III – as circunstâncias da pessoa investigada, ré ou condenada prejudiquem o cumprimento da medida, em razão de questões culturais, dificuldade de compreensão sobre o funcionamento do equipamento ou sobre as condições eventualmente impostas, tais como:
a) condição de saúde mental;
b) uso abusivo de álcool ou outras drogas; e
c) quando se tratar de pessoas indígenas ou integrantes de comunidades tradicionais.
Art. 9o Ao determinar a medida de monitoramento eletrônico, o juiz expedirá o respectivo mandado, nos termos do modelo anexo à presente resolução, estabelecendo, no caso de haver condições técnicas, a coleta de biometria para atualização da identificação civil e a coleta de material genético, nos termos do artigo 9o-A da Lei de Execução Penal.
Parágrafo único. Em até 180 (cento e oitenta) dias, o CNJ possibilitará a expedição do mandado de monitoramento pelos sistemas informatizados de tramitação processual.
Art. 10. O Poder Judiciário manterá interlocução constante com a Central de Monitoramento Eletrônico acerca da disponibilidade dos equipamentos de monitoramento.
§ 1o Caso não haja equipamento disponível para instalação imediata no momento do recebimento do alvará de soltura com imposição de medida de monitoramento eletrônico, a pessoa será intimada a comparecer ao órgão competente para a instalação no primeiro dia útil seguinte.
§ 2o Em caso de indisponibilidade de equipamento, o juízo deverá ser comunicado.
Art. 11. O juiz competente zelará para que o acompanhamento da medida por parte da Central de Monitoramento Eletrônico, no âmbito do Poder Executivo, observe os procedimentos previstos na Resolução CNJ no 213/2015 e no Protocolo anexo à presente Resolução, especialmente:
I – acompanhamento das condições especificadas na decisão judicial, sendo vedado à central exigir condições que não constem do pronunciamento;
II – prioridade ao cumprimento, manutenção e restauração da medida conforme determinada judicialmente, inclusive em casos de incidentes, devendo o acionamento da autoridade judicial ser subsidiário e excepcional, nos termos do artigo seguinte e do Protocolo anexo à presente Resolução;
III – atuação de equipes multidisciplinares, responsáveis por qualificar o tratamento de incidentes, mobilizar a rede de serviços de proteção social e colaborar no acompanhamento das medidas estabelecidas judicialmente, a partir da interação individualizada com as pessoas monitoradas; e
IV – adoção de padrões adequados de segurança, sigilo, proteção e uso dos dados das pessoas em monitoramento, respeitado o tratamento dos dados em conformidade com a finalidade das coletas, nos termos do art. 13.

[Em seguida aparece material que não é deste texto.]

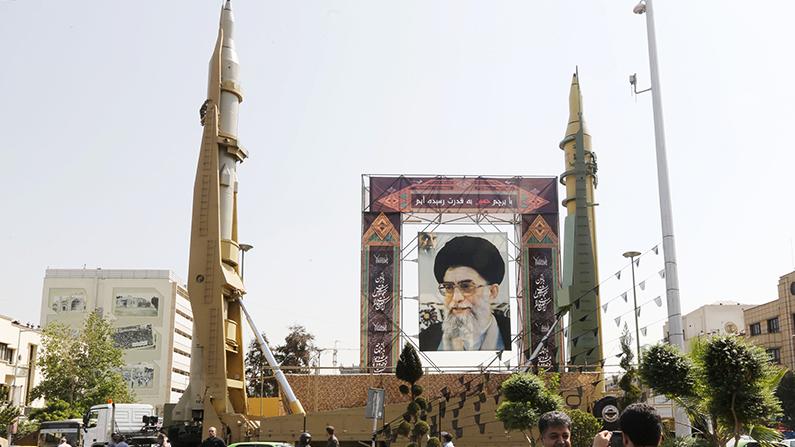 Iranians walk past Sejjil (L) and Qadr-H medium-range ballistic missiles displayed next to a portrait of Iranian Supreme Leader Ayatollah Ali Khamenei on Sept. 25, 2017, on Baharestan square in Tehran. (Atta Kenare/AFP/Getty Images)
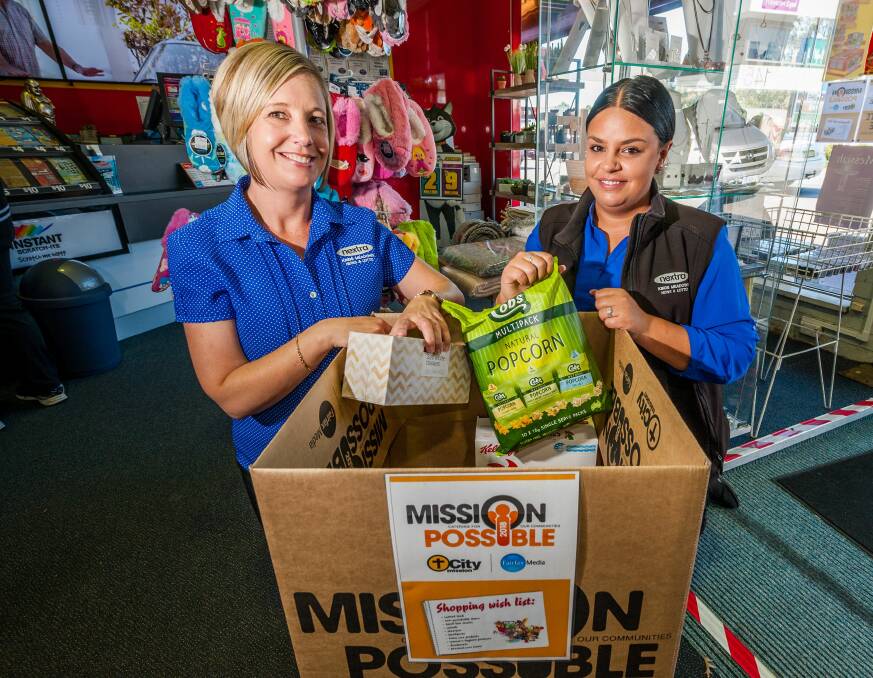 Kings Meadows Newsagency store assistants Natalie Kingshott and Kahli Weily, with the store's Mission Possible donation box. Picture: Phillip Biggs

Art. 12. O tratamento de incidentes ocorridos durante o monitoramento eletrônico observará o Protocolo anexo à presente Resolução, atendo-se aos atos estritamente necessários ao cumprimento da medida imposta, a fim de promover a eficiência e celeridade da atividade jurisdicional.
§ 1o Considera-se incidente qualquer situação que interfira no cumprimento regular da medida de monitoramento eletrônico, conforme as condições estabelecidas judicialmente.
§ 2o Os incidentes serão tratados de maneira gradativa, visando a assegurar a manutenção da medida nos termos em que determinada judicialmente e respeitando, em todas as fases, os princípios do devido processo legal, ampla defesa e proporcionalidade.
§ 3o Esgotadas as ferramentas previstas no protocolo visando ao restabelecimento do cumprimento regular da medida, sem a solução do incidente, a central notificará ao juízo detalhando as medidas adotadas, o qual poderá designar audiência de justificação.
§ 4o Nos casos de monitoramento eletrônico aplicado em situações de violência doméstica e familiar, a central poderá acionar preventivamente órgãos de segurança pública em incidentes específicos, observado o procedimento previsto no protocolo.
Art. 13. Os dados coletados durante o acompanhamento das medidas de monitoramento eletrônico possuem finalidade específica, relacionada ao cumprimento das condições estabelecidas judicialmente, podendo ser utilizados como meio de prova para apuração penal e estando, de qualquer forma, abrangidos pelo direito previsto no art. 5o, X, da Constituição Federal e legislação de proteção de dados pessoais.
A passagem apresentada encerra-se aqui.